What needs to be done:
The data below should be copied out exactly, with its pictures omitted.

++++ Recorded data

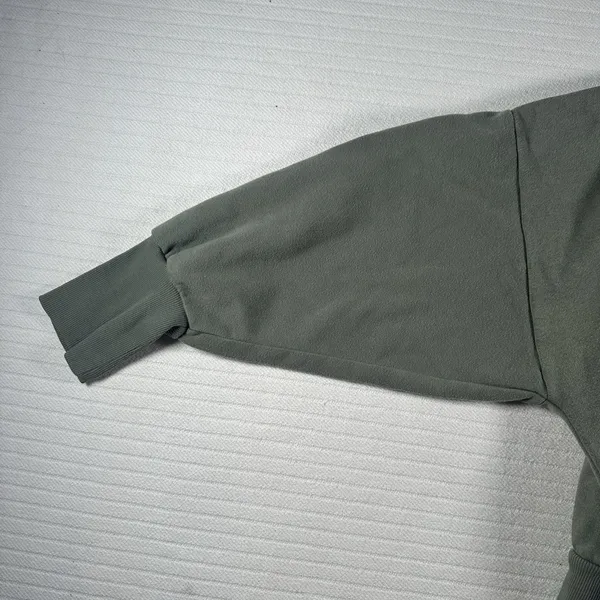 Old Navy Women’s XL Olive Green Just Vibing Graphic Cropped Sweatshirt - Image 6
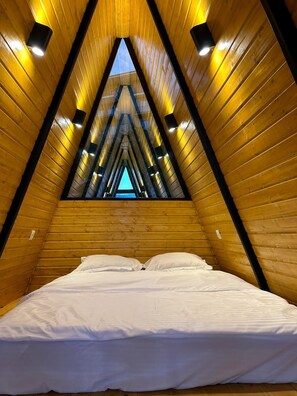 2 bedrooms, iron/ironing board, WiFi - Charming 2-bedroom cottage in awesome Batumi with WiFi, AC (Batumi)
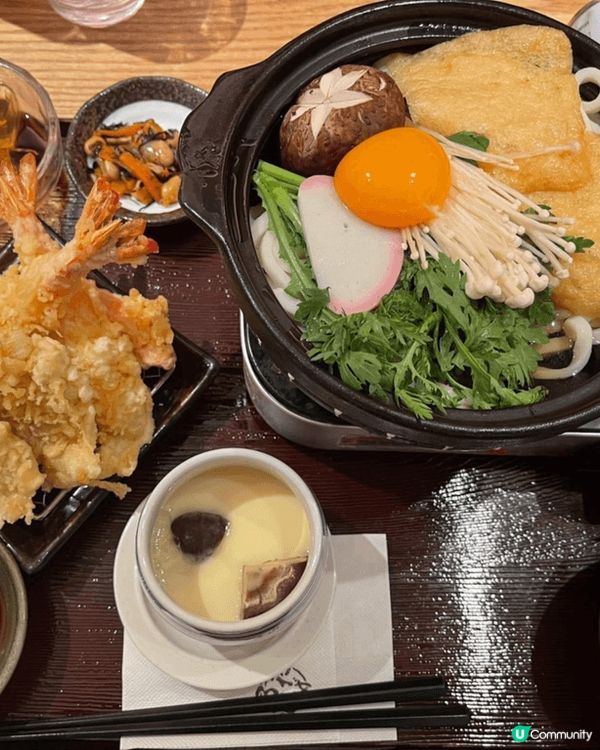 樂富廣埸 sidewalk cafe茜廊，叫了一個沙嗲牛肉麵...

++++++++

Response to this task:
 Old Navy Women’s XL Olive Green Just Vibing Graphic Cropped Sweatshirt - Image 6
 2 bedrooms, iron/ironing board, WiFi - Charming 2-bedroom cottage in awesome Batumi with WiFi, AC (Batumi)
 樂富廣埸 sidewalk cafe茜廊，叫了一個沙嗲牛肉麵...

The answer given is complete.